> [EXERCISE PROMPT] The expected output is the complete listing, copied exactly.

##### INFORMATION SUPPLIED

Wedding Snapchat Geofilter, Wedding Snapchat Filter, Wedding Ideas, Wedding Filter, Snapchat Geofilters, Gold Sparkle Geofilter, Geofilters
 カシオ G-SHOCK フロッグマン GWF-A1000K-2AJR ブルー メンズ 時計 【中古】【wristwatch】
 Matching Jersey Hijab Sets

##########

> [ANSWER SECTION]
Wedding Snapchat Geofilter, Wedding Snapchat Filter, Wedding Ideas, Wedding Filter, Snapchat Geofilters, Gold Sparkle Geofilter, Geofilters
 カシオ G-SHOCK フロッグマン GWF-A1000K-2AJR ブルー メンズ 時計 【中古】【wristwatch】
 Matching Jersey Hijab Sets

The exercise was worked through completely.